◆ **Problem statement**: Having located "Botox Effect Babaria 2 ML 5 AMP.facial" in the records below, repeat exactly the line it is on and all subsequent lines, ending with the last.

++++ Study material ++++

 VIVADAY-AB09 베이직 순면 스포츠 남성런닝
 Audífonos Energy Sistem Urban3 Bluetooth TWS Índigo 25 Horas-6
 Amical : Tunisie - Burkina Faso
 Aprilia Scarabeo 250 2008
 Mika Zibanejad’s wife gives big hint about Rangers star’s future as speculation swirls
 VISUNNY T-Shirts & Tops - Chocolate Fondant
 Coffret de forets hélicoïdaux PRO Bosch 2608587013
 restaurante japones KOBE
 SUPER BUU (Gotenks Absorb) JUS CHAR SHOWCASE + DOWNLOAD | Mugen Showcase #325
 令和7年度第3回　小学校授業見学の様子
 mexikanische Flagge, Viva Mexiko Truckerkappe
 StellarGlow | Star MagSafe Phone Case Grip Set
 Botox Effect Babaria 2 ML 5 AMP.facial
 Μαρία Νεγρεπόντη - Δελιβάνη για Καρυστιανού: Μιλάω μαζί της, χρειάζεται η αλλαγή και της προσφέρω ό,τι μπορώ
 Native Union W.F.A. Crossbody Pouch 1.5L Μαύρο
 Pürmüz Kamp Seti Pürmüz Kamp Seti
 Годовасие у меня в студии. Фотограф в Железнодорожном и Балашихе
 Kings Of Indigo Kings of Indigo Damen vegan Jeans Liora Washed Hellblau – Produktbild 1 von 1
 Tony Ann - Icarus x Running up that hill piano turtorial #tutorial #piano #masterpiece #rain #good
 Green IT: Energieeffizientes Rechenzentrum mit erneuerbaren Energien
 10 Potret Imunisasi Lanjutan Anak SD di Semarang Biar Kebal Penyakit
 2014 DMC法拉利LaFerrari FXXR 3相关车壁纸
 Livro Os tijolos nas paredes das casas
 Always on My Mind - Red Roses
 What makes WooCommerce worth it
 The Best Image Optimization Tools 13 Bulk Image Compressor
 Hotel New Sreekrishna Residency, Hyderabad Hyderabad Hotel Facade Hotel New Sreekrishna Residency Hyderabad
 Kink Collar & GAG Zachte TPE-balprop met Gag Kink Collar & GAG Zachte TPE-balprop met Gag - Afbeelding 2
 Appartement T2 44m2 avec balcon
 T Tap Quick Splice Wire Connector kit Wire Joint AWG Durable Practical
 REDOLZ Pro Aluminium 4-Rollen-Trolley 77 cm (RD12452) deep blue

++++

◆ **Your response**:
 Botox Effect Babaria 2 ML 5 AMP.facial
 Μαρία Νεγρεπόντη - Δελιβάνη για Καρυστιανού: Μιλάω μαζί της, χρειάζεται η αλλαγή και της προσφέρω ό,τι μπορώ
 Native Union W.F.A. Crossbody Pouch 1.5L Μαύρο
 Pürmüz Kamp Seti Pürmüz Kamp Seti
 Годовасие у меня в студии. Фотограф в Железнодорожном и Балашихе
 Kings Of Indigo Kings of Indigo Damen vegan Jeans Liora Washed Hellblau – Produktbild 1 von 1
 Tony Ann - Icarus x Running up that hill piano turtorial #tutorial #piano #masterpiece #rain #good
 Green IT: Energieeffizientes Rechenzentrum mit erneuerbaren Energien
 10 Potret Imunisasi Lanjutan Anak SD di Semarang Biar Kebal Penyakit
 2014 DMC法拉利LaFerrari FXXR 3相关车壁纸
 Livro Os tijolos nas paredes das casas
 Always on My Mind - Red Roses
 What makes WooCommerce worth it
 The Best Image Optimization Tools 13 Bulk Image Compressor
 Hotel New Sreekrishna Residency, Hyderabad Hyderabad Hotel Facade Hotel New Sreekrishna Residency Hyderabad
 Kink Collar & GAG Zachte TPE-balprop met Gag Kink Collar & GAG Zachte TPE-balprop met Gag - Afbeelding 2
 Appartement T2 44m2 avec balcon
 T Tap Quick Splice Wire Connector kit Wire Joint AWG Durable Practical
 REDOLZ Pro Aluminium 4-Rollen-Trolley 77 cm (RD12452) deep blue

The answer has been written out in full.